Wie kommt ihr denn auf sowas ... 

Zitat Wiki:



> Einspielergebnis
> Nach seinem Start erreichte der Film unter anderem in den USA, in China, in Deutschland, in Russland, im Vereinigten Königreich, in Australien und in Südkorea Platz 1 der Kino-Charts. Den Produktionskosten in Höhe von rund 111 Millionen US-Dollar stehen weltweite Einnahmen von bislang 232,6 Millionen US-Dollar gegenüber[67], womit sich Alien: Covenant auf Platz 27 der erfolgreichsten Filme des Jahres 2017 befindet.[68] In Deutschland verzeichnet der Film bislang 597.364 Besucher (Stand 6. August 2017).



Ein Fehlschlag sieht für mich anders aus.


----------



## LOX-TT (12. Oktober 2017)

naja Platz 27 *in einem Jahr*, das noch fast 3 Monate dauert und auch noch einige Blockbuster anstehen (Star Wars 8) finde ich jetzt nicht so beeindruckend hoch.


----------



## Worrel (12. Oktober 2017)

> denn er plant, im Sequel das bekannte und beliebte Alien vielleicht gar nicht mehr auftauchen zu lassen


Also genau dasselbe, was er nach _Prometheus _gesagt hatte ... und wir wissen ja alle, wie das ausgegangen ist.


----------



## Solo-Joe (12. Oktober 2017)

Also ich fand Prometheus und Covenant sehr gut. Natürlich komplett verschieden im Vergleich zu den ursprünglichen Filmen. Für mich aber auf ihre Art und Weise besser.


----------



## Phone (12. Oktober 2017)

Eurynome schrieb:


> Das sind alles beide Evolutionsfilme und sollten auch gar nicht so aufs Alien abziehlen, nur mal so zur info ! Und logikfehler haben die Filme auch nicht, sie sind nur schwerer zu verstehen
> Und wer sagt das hier  eine Verbindung zu Alien 1979 geknüpft werden soll ? Ridley Scott weiß schon was er macht !!!!

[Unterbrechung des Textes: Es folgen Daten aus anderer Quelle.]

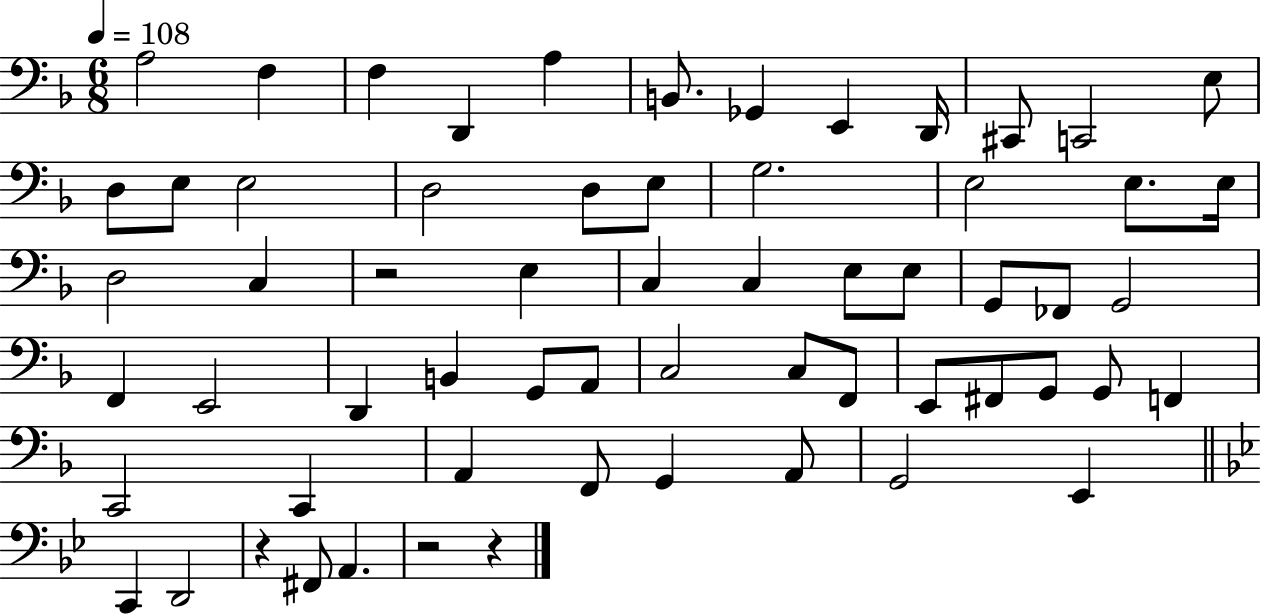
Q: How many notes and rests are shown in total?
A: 62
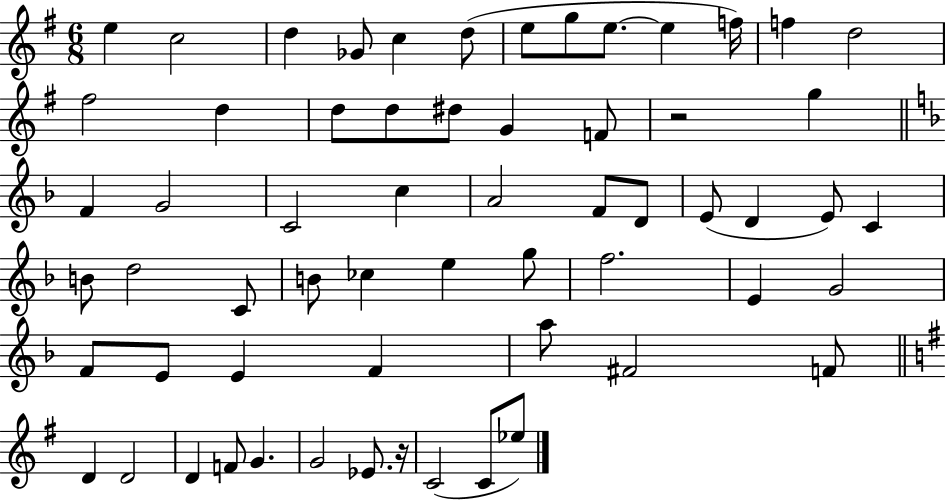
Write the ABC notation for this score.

X:1
T:Untitled
M:6/8
L:1/4
K:G
e c2 d _G/2 c d/2 e/2 g/2 e/2 e f/4 f d2 ^f2 d d/2 d/2 ^d/2 G F/2 z2 g F G2 C2 c A2 F/2 D/2 E/2 D E/2 C B/2 d2 C/2 B/2 _c e g/2 f2 E G2 F/2 E/2 E F a/2 ^F2 F/2 D D2 D F/2 G G2 _E/2 z/4 C2 C/2 _e/2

AAhh man kann es sich auch schön reden xD

Z.B....Wie hat ein Androide auf einem fremden Planeten, quasi in einer Höhle ohne Labor ein EI gezüchtet?...Wenn du mir das verraten kannst dann sind wir auch der Frage was war zu erst da -> Huhn oder Ei<- ein Stück näher!

Warum dauert es nur ein paar Minuten bis es aus dem Körper platzt? Abgesehen davon das es SCI-FI ist die Wachstumsrate doch ein wenig "hoch" gegriffen 
Er wollte ja das Perfekte Wesen schaffen und meinte das es seine Schöpfung ist, daher gehe ich davon aus, das im Ei quasi der Facehugger ist den man auch aus Alien kennt aber dort dauert es Stunden / knapp nen Tag bis das Alien aus der Brust kommt.

Ein TOP ausgebildetes Team, wahrscheinlich die besten der besten der besten (SIR), landen auf einen fremden Planeten, 
kaum geht etwas schief drehen alle völlig am Rad.
Über Funk gibt es keine klaren Ansagen, das ganze verhalten ist sowas von Kindergarten. Es macht schlicht keinen Sinn!
Das könnte man noch Seitenweise so weiter machen.

Wenn man sich die Filme anschaut und dann sagt "NEIN das hat auf keinen Fall etwas mit dem original Alien zutun" dem is auch nicht mehr zu helfen...
Es sollte ja von Anfang an eine Verknüpfung sein dann ist er abgekommen vom Grundgedanken dann wollte er auf die Space Jockeys eingehen  dann wieder was anderes.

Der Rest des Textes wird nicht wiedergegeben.